- by Robert C. Ragsdale (fair use)
- Born: August 5, 1918 London, England
- Died: July 12, 2004 (aged 85) St. Catharines, Ontario, Canada
- Occupation: Ballet teacher
- Known for: Co-founder of the National Ballet School of Canada
- Awards: Companion of the Order of Canada Order of Ontario

= Betty Oliphant =

Canadian dance educator (1918-2004)

Nancy Elizabeth Oliphant (August 5, 1918 - July 12, 2004) was a co-founder of the National Ballet School of Canada.

==Life==
Oliphant was born in London in 1918. Her father was a lawyer who died within weeks of her birth in a train crash. Oliphant suffered from pneumonia as a child and her doctor prescribed ballet lessons to help with her breathing. Her mother obtained lessons from a Miss Sheen who had been taught by others trained in Russia. Throughout her career Oliphant was known for following a Russian ballet style in her teaching. She studied with Tamara Karsavina, Laurent Novikoff and Marie Rambert. By the age of 17, she had opened her own school having decided that she was too tall to be top dancer herself.
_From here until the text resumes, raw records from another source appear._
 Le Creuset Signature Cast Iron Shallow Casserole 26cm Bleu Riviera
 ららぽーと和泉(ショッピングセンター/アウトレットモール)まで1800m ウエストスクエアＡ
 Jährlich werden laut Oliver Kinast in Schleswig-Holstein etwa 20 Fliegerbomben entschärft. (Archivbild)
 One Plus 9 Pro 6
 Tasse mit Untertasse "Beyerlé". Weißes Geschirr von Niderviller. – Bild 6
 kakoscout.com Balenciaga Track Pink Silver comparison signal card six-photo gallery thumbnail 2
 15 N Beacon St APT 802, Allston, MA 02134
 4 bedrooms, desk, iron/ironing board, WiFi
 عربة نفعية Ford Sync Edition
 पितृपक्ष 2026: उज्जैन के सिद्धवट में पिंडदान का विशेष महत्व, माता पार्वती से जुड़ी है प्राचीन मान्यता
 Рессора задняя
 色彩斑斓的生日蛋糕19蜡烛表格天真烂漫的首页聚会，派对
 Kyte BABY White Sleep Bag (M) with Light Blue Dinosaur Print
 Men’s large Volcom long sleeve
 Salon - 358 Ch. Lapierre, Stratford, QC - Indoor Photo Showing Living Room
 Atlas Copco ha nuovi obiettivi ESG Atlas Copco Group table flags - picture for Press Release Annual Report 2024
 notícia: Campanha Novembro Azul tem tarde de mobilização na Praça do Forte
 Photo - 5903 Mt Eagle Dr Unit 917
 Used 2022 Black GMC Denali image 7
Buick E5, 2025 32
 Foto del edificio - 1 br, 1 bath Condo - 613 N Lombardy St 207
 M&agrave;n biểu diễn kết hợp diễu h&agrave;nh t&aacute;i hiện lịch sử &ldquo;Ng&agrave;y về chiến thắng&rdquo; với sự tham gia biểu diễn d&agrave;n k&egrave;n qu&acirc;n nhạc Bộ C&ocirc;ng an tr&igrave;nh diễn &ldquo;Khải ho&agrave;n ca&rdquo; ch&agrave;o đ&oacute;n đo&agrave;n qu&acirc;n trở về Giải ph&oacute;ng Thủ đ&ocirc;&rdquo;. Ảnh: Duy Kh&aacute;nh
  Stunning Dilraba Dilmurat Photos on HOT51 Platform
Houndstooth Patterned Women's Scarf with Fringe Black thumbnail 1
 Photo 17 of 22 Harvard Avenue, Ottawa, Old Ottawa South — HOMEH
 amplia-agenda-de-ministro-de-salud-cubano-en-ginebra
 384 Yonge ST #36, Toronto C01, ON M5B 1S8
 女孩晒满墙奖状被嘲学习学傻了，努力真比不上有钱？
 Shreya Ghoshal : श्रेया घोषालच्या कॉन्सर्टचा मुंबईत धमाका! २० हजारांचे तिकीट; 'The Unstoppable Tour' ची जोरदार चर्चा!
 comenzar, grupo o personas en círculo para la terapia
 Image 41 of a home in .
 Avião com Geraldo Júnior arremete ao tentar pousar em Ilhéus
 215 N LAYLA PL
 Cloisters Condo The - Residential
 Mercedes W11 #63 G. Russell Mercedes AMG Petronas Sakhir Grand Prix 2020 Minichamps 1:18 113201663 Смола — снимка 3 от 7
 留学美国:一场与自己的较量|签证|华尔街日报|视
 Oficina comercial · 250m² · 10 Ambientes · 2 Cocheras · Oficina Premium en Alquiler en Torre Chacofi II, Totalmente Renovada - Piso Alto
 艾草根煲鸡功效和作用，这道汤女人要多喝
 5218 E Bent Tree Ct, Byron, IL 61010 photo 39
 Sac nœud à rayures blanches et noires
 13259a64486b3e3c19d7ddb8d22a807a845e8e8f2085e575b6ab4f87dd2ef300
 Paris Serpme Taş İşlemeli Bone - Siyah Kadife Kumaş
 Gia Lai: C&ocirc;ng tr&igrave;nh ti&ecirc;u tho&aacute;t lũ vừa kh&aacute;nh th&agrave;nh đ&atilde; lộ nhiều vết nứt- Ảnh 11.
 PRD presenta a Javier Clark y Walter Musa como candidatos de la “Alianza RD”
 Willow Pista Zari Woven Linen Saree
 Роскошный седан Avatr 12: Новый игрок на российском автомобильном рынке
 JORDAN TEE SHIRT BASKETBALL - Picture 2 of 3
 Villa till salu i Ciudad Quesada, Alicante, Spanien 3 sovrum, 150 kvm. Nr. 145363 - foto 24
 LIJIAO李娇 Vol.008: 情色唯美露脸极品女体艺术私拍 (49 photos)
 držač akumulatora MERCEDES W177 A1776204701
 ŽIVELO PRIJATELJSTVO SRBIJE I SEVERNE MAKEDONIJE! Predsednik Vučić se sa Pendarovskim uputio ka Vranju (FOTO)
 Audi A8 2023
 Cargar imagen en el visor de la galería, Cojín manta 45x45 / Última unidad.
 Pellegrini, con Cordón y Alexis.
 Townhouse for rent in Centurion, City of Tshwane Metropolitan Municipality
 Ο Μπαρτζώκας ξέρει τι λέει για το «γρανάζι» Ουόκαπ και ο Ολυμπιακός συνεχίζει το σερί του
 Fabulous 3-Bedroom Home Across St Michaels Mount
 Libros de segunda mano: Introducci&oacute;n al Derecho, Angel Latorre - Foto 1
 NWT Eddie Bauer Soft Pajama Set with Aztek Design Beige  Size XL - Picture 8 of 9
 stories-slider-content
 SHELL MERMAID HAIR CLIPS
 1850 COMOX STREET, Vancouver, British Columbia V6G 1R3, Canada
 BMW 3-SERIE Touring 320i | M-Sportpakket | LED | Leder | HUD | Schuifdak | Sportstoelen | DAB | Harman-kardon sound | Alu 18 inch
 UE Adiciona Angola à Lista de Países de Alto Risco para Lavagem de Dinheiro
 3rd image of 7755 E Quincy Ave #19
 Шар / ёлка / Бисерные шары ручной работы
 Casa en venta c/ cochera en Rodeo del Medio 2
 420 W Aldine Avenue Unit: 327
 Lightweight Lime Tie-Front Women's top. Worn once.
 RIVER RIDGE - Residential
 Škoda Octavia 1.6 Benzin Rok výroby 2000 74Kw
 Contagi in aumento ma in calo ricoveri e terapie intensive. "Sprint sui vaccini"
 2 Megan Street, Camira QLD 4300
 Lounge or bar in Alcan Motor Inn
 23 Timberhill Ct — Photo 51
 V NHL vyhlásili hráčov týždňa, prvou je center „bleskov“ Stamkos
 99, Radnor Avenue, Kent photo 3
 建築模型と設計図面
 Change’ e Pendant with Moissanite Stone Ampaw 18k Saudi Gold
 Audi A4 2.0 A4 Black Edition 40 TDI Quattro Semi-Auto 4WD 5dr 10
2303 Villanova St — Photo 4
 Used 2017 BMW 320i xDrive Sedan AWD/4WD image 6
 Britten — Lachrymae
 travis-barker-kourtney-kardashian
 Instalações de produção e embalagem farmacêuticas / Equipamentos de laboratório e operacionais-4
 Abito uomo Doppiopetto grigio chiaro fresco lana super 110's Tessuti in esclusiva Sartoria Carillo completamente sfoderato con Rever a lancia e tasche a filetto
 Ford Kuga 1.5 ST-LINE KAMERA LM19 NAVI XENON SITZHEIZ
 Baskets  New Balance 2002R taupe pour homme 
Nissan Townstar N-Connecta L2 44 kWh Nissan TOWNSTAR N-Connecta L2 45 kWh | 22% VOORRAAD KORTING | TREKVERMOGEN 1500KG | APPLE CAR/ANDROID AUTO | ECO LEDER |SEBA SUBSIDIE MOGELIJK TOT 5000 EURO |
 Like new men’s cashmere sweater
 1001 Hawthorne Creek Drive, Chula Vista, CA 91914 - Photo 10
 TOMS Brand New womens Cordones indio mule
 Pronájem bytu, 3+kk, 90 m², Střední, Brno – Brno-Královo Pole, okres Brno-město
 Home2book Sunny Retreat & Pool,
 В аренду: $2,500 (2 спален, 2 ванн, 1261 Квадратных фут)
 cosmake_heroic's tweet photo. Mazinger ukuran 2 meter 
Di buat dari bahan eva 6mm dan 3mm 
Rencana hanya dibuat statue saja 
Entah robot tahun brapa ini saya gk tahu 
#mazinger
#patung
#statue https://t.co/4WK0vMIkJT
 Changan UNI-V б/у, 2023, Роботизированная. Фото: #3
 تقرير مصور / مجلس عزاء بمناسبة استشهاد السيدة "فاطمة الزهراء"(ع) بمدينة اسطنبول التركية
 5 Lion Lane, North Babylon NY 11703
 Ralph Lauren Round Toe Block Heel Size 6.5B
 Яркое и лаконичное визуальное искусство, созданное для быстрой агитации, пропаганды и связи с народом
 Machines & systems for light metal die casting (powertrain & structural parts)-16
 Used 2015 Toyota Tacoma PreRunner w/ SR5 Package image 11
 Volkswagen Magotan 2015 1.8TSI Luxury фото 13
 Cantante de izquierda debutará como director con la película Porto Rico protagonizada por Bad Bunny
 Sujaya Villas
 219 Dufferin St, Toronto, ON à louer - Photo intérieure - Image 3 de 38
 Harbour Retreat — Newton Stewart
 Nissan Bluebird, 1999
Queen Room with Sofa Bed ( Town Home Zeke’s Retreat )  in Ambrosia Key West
She moved to Canada in 1947. In 1951, she became ballet mistress for the National Ballet of Canada at the request of Celia Franca, the company's director. She and Franca founded the National Ballet School of Canada in 1959. Alumni include Frank Augustyn, Rex Harrington, Karen Kain, John Alleyne, James Kudelka and Veronica Tennant. She had been trained in the Cecchetti method of classical dance.

In 1959, she became associate artistic director for the National Ballet of Canada, but resigned in 1975 to devote herself to the school. She retired in 1989.

She was known for her strict manner, high standards and insistence on technique. She wrote an auto biography where she recounted her difficult private life consoled by her career success.

She was appointed an Officer of the Order of Canada (OC) in 1972, "in recognition of her leadership and her service as teacher and administrator of the National Ballet School", and promoted to a Companion of the Order (CC) in 1985. In 1988, the National Ballet School of Canada named its new performance space the Betty Oliphant Theatre. In 1996, she published an autobiography Miss O: My Life in Dance (ISBN 0-88801-210-1). She was appointed a Member of the Order of Ontario (OOnt) in 2000.

She died in St. Catharines, Ontario at the age of 85.